Tra le vie e le casupole dei villaggi sono raffigurati le chiese, i campanili e le feste religiose: una fede semplice, che l’artista ha vissuto fin da bambino grazie al padre, pastore evangelico, e che si è accresciuta con la partecipazione giovanile alla vita della Chiesa locale, diventando infine protagonista di parte della sua vasta produzione artistica.
Di forte impatto visivo sono cinque grandi murales, realizzati tra gli anni Settanta e Ottanta in Perù e in Germania, che raffigurano scene dell’Antico e del Nuovo Testamento, espressioni di religiosità popolare e parabole evangeliche. Sánchez afferma che si è fortificato molto nella sua vocazione di pittore e cristiano lavorando a queste opere. Come artista e uomo delle Ande egli sente l’esigenza di tramandare anche la memoria della propria cultura d’origine: da qui il richiamo alla cosmogonia e ai miti incaici, come la rappresentazione di un universo tripartito tra le entità del cielo, con il sole e le stelle, quelle sotterranee e il mondo intermedio degli uomini (Kaypacha).
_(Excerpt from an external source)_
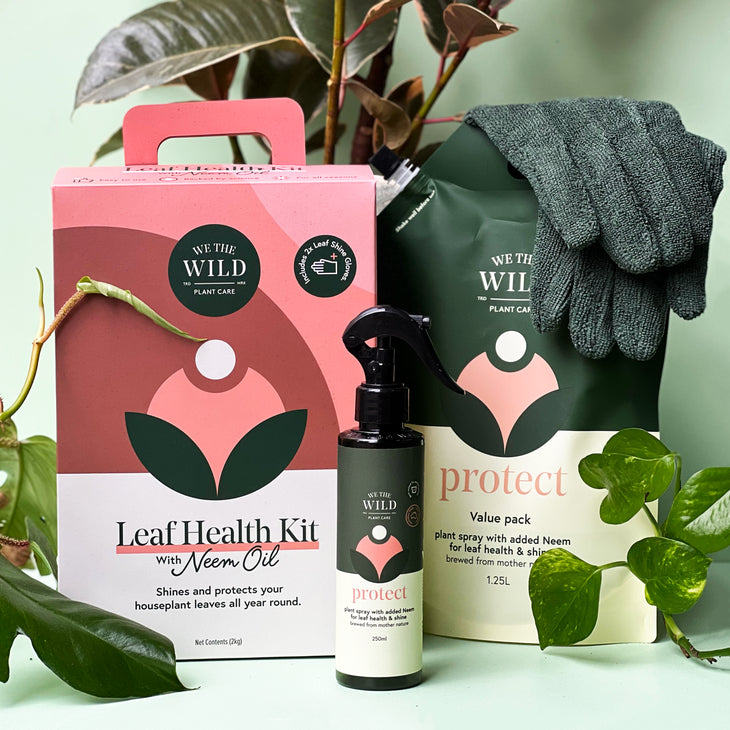 We the Wild Leaf Health Kit Carton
Un’appartenenza che allo stesso tempo si traduce nel riconoscersi figlio di un luogo e del tempo presente: la Valle del Mantaro e il suo ricco artigianato diventano elementi fondanti dello stile espressivo di Sánchez, che traspone nelle sue opere l’intensità dei colori dei tessuti tradizionali e la composizione delle immagini tipica delle zucche intagliate, mentre temi di forte attualità, come la denuncia di un’urbanizzazione che distrugge la natura o il timore di una modernizzazione che cancella le radici, si affiancano alla rappresentazione di un mondo corale che sembra cristallizzato in un tempo indefinito e mitico.